I turn to the noble Lord, Lord Shipley. He gives as a reason for supporting elected mayors that there are to be police commissioners. In November people will have the opportunity of buying one and getting one free because there will be two votes on the same day. But, of course, it will not be free; it will presumably be double the cost. If there is a mayoral referendum, that will cost roughly £250,000 and there will be separate costs for the police commissioner elections, which would also clock up to the same figure in individual authorities. If they are buying two, they will have to pay for two. They do not get one free.

Why the existence of a police commissioner should make it all the more desirable to have an elected mayor, I do not understand.

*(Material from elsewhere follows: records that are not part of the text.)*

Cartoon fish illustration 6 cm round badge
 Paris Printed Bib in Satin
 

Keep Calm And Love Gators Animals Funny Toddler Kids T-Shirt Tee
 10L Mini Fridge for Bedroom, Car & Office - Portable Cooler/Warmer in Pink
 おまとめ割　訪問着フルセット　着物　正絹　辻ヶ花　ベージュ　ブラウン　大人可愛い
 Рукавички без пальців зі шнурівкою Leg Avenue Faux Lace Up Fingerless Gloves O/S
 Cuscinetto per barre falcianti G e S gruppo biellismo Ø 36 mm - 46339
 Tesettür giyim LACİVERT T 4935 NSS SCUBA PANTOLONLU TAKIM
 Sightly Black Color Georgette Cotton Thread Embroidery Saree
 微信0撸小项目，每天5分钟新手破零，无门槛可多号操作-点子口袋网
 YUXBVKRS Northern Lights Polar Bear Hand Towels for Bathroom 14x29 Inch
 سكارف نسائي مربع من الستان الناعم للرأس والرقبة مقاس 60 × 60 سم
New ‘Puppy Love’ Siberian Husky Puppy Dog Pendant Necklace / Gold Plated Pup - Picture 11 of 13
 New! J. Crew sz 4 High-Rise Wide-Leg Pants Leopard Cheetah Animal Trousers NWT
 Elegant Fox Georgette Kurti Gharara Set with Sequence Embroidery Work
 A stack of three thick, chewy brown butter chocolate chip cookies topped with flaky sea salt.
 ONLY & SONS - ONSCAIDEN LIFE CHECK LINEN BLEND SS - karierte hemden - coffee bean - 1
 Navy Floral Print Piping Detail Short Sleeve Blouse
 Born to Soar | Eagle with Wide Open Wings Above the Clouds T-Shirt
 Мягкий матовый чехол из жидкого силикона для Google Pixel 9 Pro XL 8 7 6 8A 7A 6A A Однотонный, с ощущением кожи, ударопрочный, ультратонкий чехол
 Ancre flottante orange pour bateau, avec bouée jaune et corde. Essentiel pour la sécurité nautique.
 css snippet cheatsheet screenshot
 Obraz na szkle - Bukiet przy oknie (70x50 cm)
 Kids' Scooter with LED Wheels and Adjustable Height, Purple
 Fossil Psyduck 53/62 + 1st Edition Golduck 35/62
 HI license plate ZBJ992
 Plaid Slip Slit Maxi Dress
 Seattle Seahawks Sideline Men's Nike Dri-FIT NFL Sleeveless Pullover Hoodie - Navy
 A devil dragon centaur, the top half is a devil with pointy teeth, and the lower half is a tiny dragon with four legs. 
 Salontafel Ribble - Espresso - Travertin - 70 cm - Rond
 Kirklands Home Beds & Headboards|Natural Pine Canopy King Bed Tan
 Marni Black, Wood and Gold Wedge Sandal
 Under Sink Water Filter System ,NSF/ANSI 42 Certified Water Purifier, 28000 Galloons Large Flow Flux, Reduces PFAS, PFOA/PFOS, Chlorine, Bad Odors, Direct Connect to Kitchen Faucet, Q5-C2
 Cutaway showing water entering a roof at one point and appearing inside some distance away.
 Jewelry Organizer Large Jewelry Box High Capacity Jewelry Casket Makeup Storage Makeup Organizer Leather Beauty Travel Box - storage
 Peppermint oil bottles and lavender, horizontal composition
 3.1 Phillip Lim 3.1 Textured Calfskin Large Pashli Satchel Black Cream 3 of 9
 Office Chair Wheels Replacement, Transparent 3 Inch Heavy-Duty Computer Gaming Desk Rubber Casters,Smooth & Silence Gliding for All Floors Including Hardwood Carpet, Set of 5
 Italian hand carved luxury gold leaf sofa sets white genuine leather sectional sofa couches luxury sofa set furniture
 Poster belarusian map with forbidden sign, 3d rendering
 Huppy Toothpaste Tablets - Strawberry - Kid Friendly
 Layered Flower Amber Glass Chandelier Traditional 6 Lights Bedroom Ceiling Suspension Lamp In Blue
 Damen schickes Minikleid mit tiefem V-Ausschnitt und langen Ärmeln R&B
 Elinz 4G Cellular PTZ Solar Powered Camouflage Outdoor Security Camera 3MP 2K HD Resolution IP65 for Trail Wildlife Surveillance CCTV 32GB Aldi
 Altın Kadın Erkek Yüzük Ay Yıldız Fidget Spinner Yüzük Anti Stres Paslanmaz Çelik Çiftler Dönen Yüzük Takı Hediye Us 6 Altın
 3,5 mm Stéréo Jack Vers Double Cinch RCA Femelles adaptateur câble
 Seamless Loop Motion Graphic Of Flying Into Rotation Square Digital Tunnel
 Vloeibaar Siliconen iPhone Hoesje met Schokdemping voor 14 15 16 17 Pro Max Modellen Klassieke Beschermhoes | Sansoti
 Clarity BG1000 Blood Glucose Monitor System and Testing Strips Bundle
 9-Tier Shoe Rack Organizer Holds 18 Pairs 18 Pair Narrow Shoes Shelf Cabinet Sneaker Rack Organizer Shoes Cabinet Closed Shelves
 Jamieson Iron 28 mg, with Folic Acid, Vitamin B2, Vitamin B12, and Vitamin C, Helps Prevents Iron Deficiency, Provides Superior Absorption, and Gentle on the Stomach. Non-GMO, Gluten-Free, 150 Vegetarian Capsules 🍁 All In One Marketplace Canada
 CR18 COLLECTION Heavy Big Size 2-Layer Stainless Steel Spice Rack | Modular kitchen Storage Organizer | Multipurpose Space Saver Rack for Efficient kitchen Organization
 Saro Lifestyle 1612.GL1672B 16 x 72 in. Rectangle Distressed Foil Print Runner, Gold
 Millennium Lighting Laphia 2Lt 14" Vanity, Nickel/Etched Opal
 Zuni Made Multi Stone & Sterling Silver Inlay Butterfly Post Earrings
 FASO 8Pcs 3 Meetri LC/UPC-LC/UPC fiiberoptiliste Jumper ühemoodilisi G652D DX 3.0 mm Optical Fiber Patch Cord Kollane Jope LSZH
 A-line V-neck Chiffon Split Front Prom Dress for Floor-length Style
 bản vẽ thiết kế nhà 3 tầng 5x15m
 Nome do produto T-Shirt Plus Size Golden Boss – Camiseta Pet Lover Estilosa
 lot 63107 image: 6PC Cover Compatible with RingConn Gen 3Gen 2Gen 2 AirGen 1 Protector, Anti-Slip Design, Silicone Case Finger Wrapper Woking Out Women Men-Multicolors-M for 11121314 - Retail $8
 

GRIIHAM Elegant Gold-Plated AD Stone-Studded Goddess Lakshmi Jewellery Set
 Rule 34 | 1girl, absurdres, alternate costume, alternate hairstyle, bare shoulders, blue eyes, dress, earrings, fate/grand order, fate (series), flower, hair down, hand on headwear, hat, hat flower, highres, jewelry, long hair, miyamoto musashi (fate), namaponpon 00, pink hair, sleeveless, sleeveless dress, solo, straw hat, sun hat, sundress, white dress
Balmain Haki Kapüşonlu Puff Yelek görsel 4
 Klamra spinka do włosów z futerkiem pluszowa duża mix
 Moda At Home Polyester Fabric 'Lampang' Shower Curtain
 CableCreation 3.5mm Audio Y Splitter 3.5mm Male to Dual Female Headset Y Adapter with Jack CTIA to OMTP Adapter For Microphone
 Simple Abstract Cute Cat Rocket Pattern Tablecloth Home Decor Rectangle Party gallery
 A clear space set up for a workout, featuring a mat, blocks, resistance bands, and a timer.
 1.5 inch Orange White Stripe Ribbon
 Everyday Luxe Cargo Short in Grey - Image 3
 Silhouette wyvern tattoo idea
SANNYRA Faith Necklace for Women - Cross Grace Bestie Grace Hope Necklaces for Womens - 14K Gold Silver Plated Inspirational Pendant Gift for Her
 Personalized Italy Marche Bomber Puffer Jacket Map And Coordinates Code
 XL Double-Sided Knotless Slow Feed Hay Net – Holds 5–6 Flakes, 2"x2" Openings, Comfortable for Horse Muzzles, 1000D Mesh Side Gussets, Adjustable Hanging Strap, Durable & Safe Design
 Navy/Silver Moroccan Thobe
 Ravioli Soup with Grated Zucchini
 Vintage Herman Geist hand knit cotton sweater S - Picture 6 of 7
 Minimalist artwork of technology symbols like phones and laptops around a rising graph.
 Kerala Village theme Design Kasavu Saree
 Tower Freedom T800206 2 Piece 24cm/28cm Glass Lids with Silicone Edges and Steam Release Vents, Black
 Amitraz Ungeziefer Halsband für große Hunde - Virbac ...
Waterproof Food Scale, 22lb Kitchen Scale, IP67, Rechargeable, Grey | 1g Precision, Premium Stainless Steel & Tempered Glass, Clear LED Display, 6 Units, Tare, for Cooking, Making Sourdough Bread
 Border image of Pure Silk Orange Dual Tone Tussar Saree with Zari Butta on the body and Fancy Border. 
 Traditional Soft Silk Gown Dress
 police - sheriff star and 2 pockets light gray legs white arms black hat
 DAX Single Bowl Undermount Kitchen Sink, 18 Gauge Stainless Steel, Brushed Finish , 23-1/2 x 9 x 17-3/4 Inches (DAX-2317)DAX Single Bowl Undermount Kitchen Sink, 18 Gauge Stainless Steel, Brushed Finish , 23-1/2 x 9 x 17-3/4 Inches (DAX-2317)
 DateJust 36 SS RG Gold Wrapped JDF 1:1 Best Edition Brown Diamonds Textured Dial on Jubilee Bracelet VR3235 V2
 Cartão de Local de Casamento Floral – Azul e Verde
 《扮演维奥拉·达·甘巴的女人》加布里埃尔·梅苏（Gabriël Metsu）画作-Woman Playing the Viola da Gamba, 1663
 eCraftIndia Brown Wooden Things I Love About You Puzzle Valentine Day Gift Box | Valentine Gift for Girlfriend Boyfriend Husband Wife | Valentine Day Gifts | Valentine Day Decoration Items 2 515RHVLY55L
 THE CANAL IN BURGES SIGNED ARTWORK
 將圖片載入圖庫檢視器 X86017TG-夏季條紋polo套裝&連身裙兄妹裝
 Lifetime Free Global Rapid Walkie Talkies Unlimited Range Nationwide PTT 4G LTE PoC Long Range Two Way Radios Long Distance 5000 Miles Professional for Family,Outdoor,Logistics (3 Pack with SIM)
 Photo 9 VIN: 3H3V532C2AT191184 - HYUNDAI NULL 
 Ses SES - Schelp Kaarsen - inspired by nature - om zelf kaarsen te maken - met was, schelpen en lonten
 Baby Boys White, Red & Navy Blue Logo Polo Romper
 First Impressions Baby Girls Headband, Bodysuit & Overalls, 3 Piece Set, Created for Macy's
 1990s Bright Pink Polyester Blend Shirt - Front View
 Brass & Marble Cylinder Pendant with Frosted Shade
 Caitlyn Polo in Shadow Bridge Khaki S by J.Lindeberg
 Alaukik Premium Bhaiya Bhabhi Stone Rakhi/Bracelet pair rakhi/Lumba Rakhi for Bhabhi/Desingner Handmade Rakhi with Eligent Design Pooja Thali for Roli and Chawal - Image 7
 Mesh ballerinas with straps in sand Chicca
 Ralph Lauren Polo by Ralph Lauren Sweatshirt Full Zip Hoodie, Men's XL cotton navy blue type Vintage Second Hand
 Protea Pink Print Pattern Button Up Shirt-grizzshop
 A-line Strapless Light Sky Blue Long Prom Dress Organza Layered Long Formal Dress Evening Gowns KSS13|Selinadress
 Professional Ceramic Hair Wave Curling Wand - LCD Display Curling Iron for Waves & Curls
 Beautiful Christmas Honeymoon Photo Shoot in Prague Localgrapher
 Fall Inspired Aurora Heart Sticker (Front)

But then few people understand why we should have police commissioners in the first place, including quite a lot of Members on the government Benches in this House and in the other place. Certainly it is not understood by the Prime Minister’s favourite police officer, Mr Bratton, whom he wanted to appoint as Metropolitan Police Commissioner, who could not understand why the American system should be imported into this country.

The noble Lord also welcomed the powers to be given to elected mayors but without explaining why only elected mayors should get them. In fact, it is not only elected mayors who are likely to get them because discussions are going on with other authorities. There is an interesting development around Greater Manchester with the Association of Greater Manchester Authorities, which is not predicated on the existence of a mayor either from Manchester or the area as a whole.

I must tease the noble Lord somewhat. It is only a few months since he and I were jointly discussing how we might campaign together against the idea of an elected mayor. This gives rise to the Paul Daniels question. Your Lordships will remember the magician and television personality Paul Daniels and his attractive young wife. She was asked: “What is it about balding millionaire Paul Daniels that persuaded you to marry him?”. I gently put to the noble Lord, “What is it Lord Shipley, recently appointed government adviser on cities, that has led you to change your mind about elected mayors?”.